Anthony Wade Leiker (born September 26, 1964) is an American former professional football player who was a defensive end in the National Football League (NFL). He played college football for the Coffeyville Red Ravens and Stanford Cardinal and was selected by the Green Bay Packers in the seventh round of the 1987 NFL draft. He was initially released by the Packers but later returned and appeared in one game during the 1987 NFL strike as a replacement player. He later signed with the Minnesota Vikings before retiring in 1988.
==Early life==
Leiker was born on September 24, 1964, in Hays, Kansas. He grew up in Silver Lake, Kansas, a town of 1,500, and attended Silver Lake High School. At Silver Lake, he played football and basketball.

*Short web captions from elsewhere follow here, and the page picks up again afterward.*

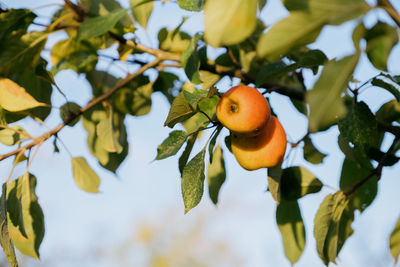 Low angle view of fruits on tree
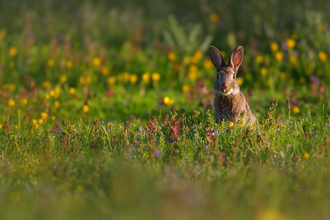 Rabbit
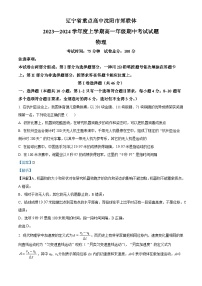 辽宁省重点高中沈阳市郊联体2023-2024学年高一上学期期中考试物理试题（解析版）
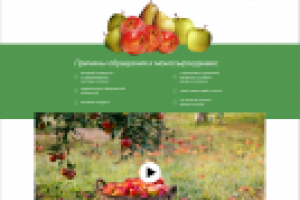 Работа 4127745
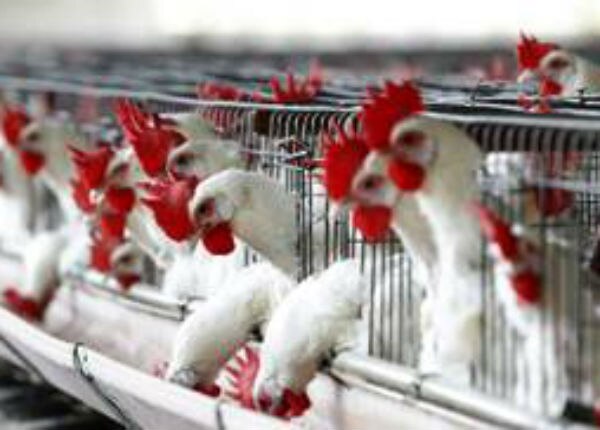 Controlan Gripe Aviar, huevo al alza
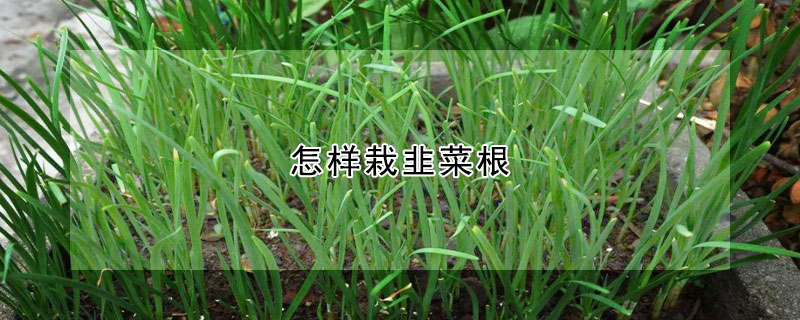 怎樣栽韭菜根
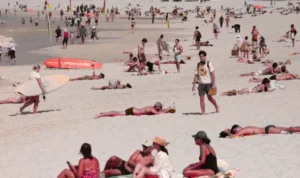 sydney bondi beach news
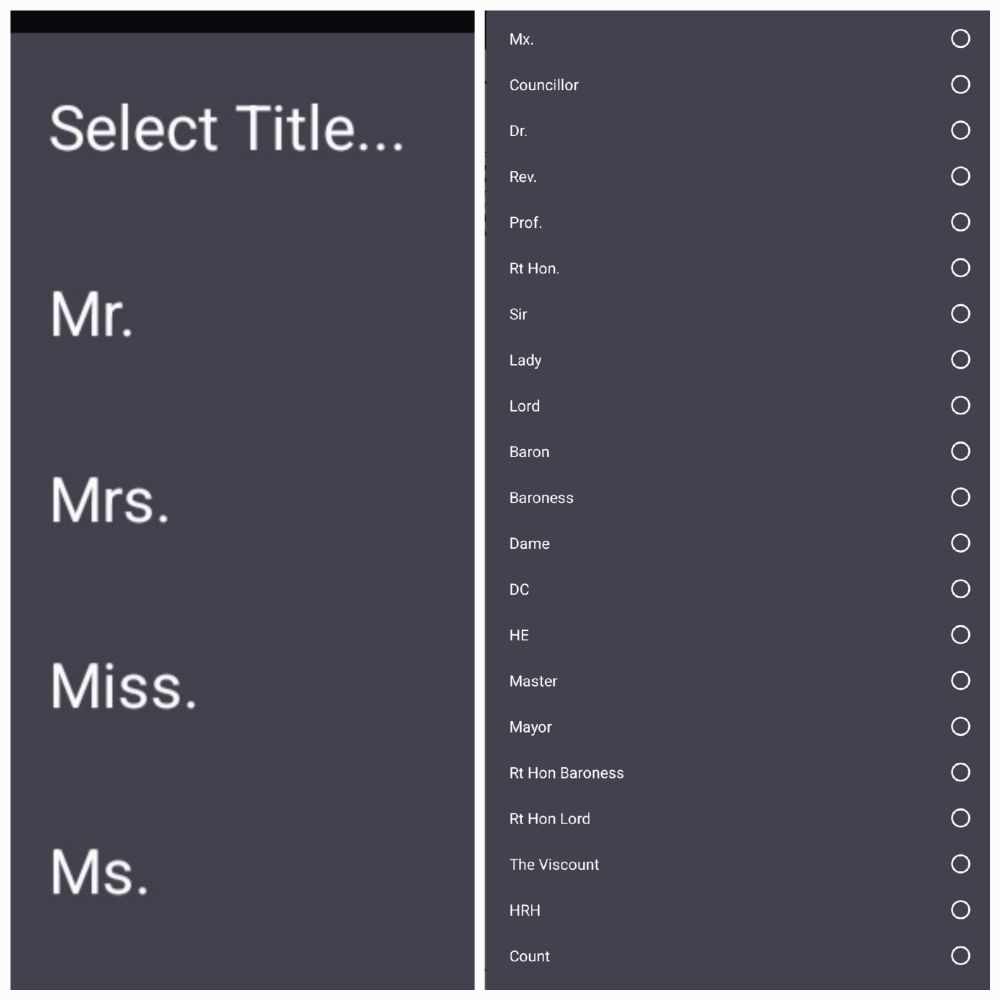 the 25 available titles when registering for the labour party conference. from the usuals of mr, mrs, miss, ms, mx, down to viscount, lord, baroness...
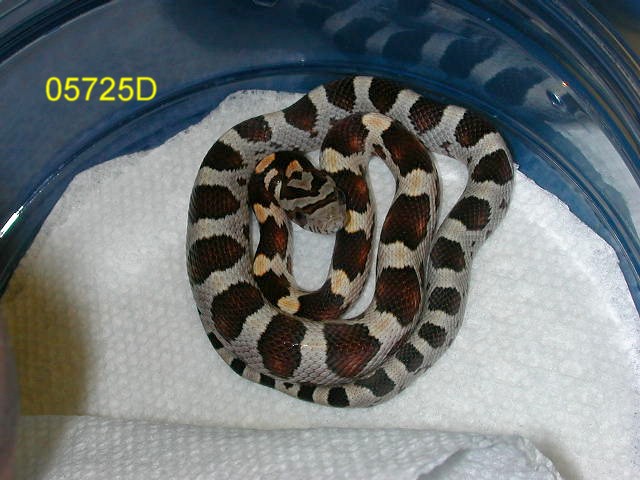 05
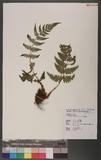 Dryopteris hypophlebia Hayata `s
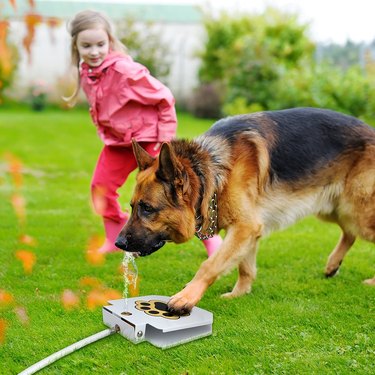 step on dog drinking fountain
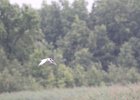 Forster's Tern (28)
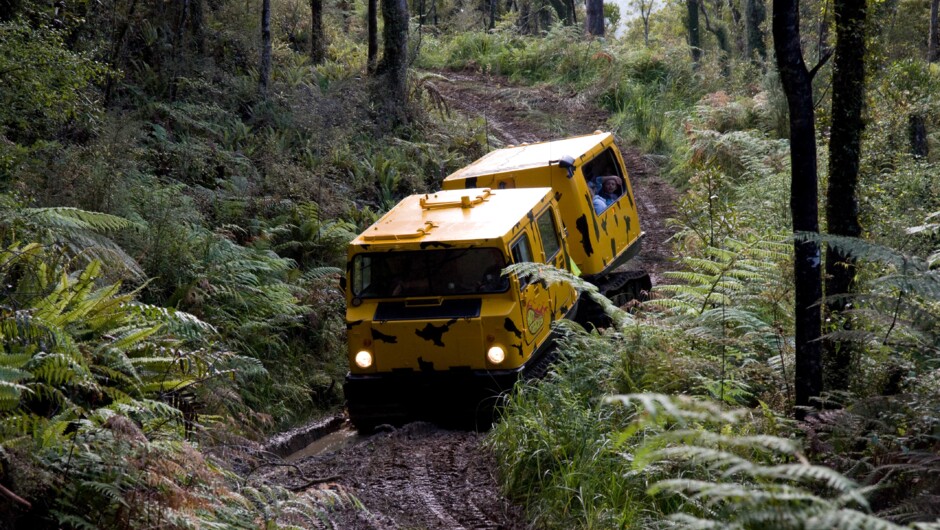 Stay warm and dry inside while the Hagglund takes you in the heart of the rainforest.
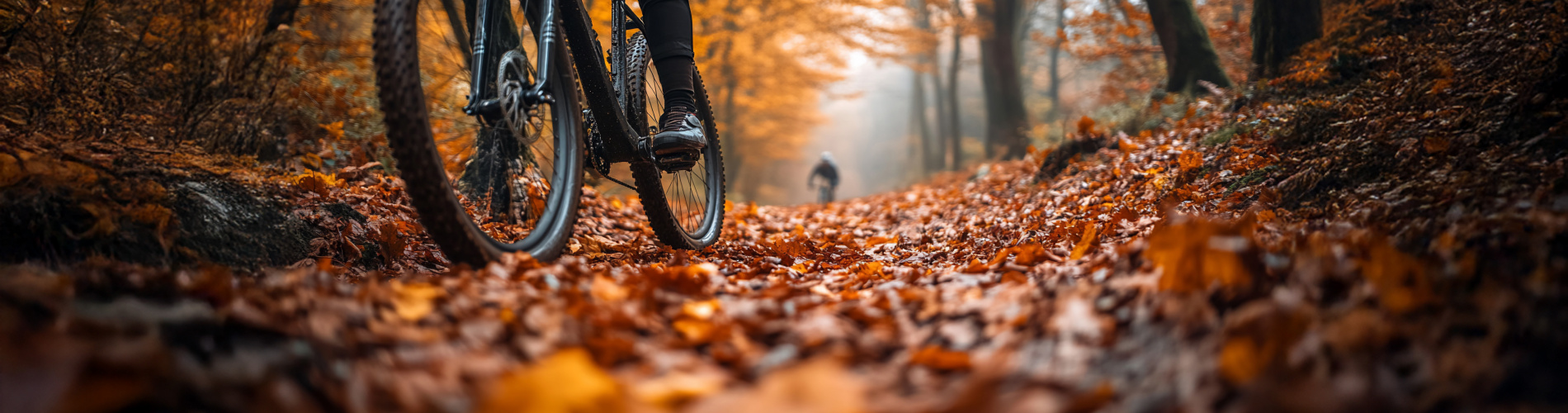 Fietsen Markoen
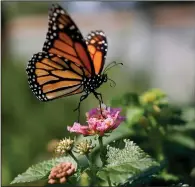  ?? (File Photo/AP/Gregory Bull)* ?? A monarch butterfly is seen on a flower Aug. 19, 2015, in Vista, Calif.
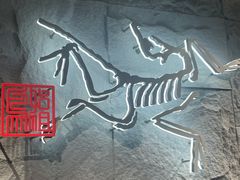 -ARC'TERYX始祖鸟(北京王府中环店)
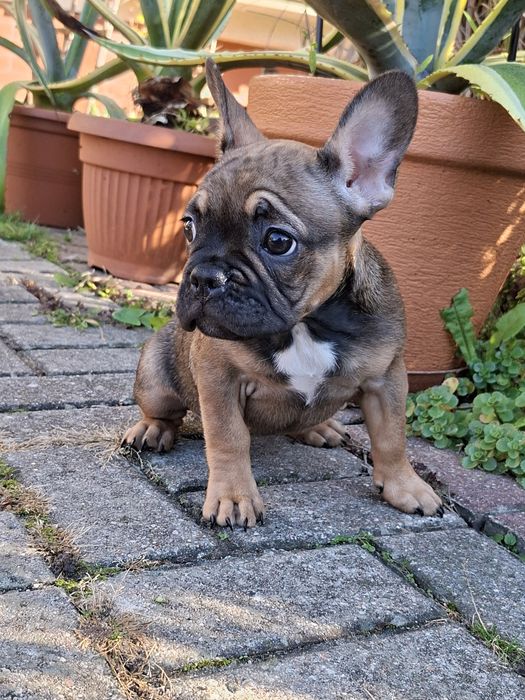 Sprzedam szczeniaka buldoga francuskiego suczkę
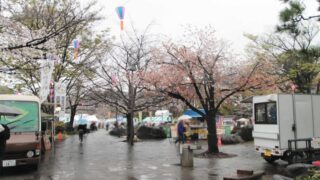 「北区さくらSA-KASOまつり」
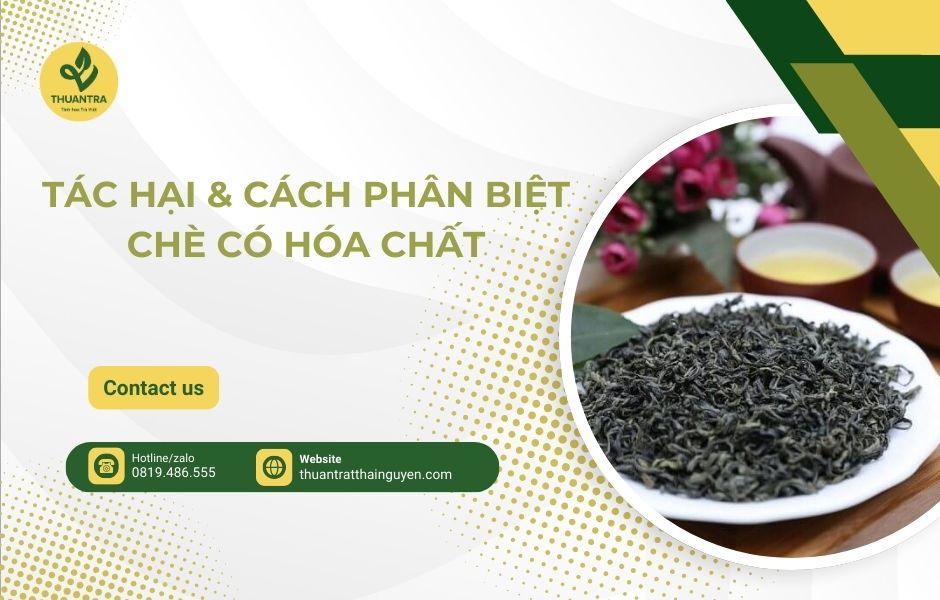 Tác hại & cách phân biệt chè có hóa chất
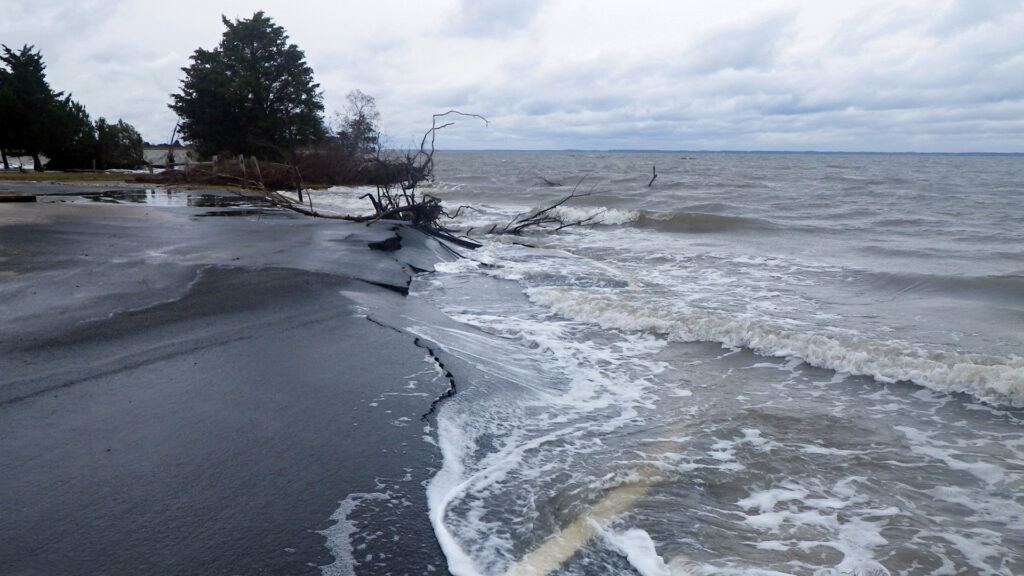 A coastal area after Hurricane Sandy (NPS Climate Change Response, Public domain, via Wikimedia Commons)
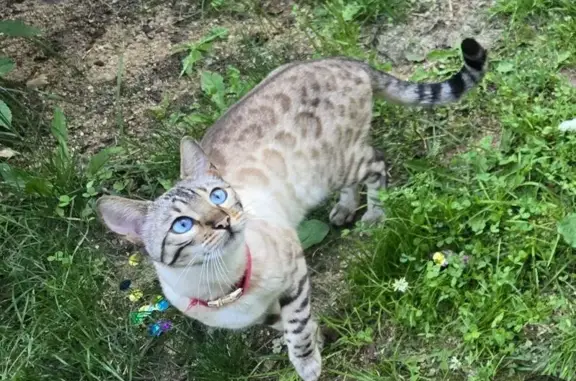 Кошки потеряшки, Ивонино, фото: Потеряшка бенгалка, Ивонино, МО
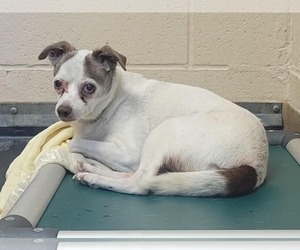 Chihuahua-Unknown Mix Dogs for adoption in Martinez, CA, USA
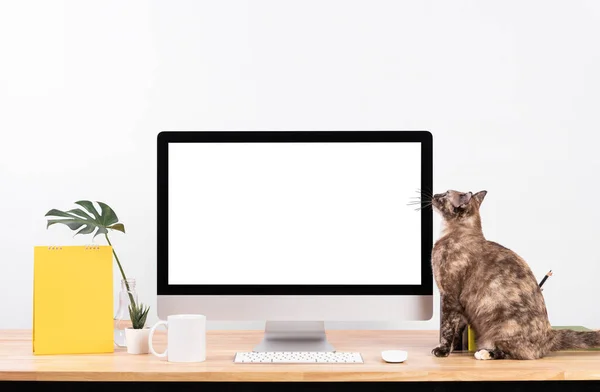 モックアップ空白の画面デスクトップコンピュータと木製のテーブルと白い壁の背景に猫の動物と装飾 — ストック写真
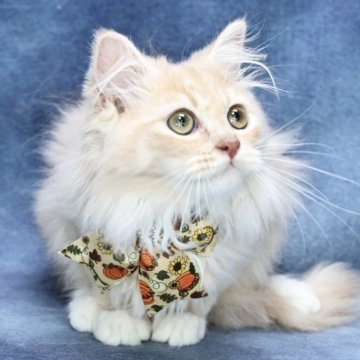 サイベリアン【京都府・男の子・2025年7月1日・クリームタビー&ホワイト】の写真「パパ外産✨ホワイトソックス❣️ お値引き中❣️」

A lineman, he was named all-state as a senior in 1982. Leiker graduated from Silver Lake in 1983. After high school, he hoped to play college football for the Kansas Jayhawks, telling The Wichita Eagle that "I would have given my left arm and both legs to have played at KU ... I went in and talked to Coach [[Mike Gottfried|[Mike] Gottfried]]. I almost had tears in my eyes. I wanted it so bad. He looked at me like I didn't exist." Without receiving an offer to play for Kansas, he decided to enter the junior college route and joined the Coffeyville Red Ravens.

==College career==
Leiker was a backup defensive tackle for the Red Ravens as a freshman in 1982. He helped the team win the national championship. He then played at defensive end as a sophomore and "emerged as a star", according to The Peninsula Times Tribune. At Coffeyville, he was also a top student, receiving "A" grades in all classes but one. He received athletic scholarship offers from many programs after his sophomore year and transferred to the Stanford Cardinal in 1985.

Playing defensive tackle under coach Jack Elway, Leiker became a starter four games into the 1985 season. In a game that season, he helped the Cardinal defense hold the San Jose State Spartans to negative-31 rushing yards. He finished the season with 68 tackles and a team-leading four sacks. Prior to his senior season, he set a team record with a clean and jerk lift of 630 lb. He started for the Cardinal in the 1986 season and was named first-team All-Pac-12 Conference, as well as an honorable mention All-American. Additionally, he was an Academic All-American in the 1985 and 1986 seasons. He was suspended from the team prior to their 1986 Gator Bowl appearance after testing positive for anabolic steroids; he released a statement telling that "I made a mistake and would like to apologize ... I have nothing else to say".

==Professional career==
Leiker was selected by the Green Bay Packers in the seventh round (172nd overall) of the 1987 NFL draft to play defensive end. He signed with the Packers on July 24, 1987, but was later released with an injury on September 7. He later re-signed with the Packers on September 23, as a replacement player during the 1987 NFL strike. He appeared in the team's Week 4 win against the Minnesota Vikings as a starter but saw no further action and was released on October 19. He signed with the Minnesota Vikings on March 30, 1988, but later left the team on July 23, "saying pro football wasn't for him", according to the Star Tribune.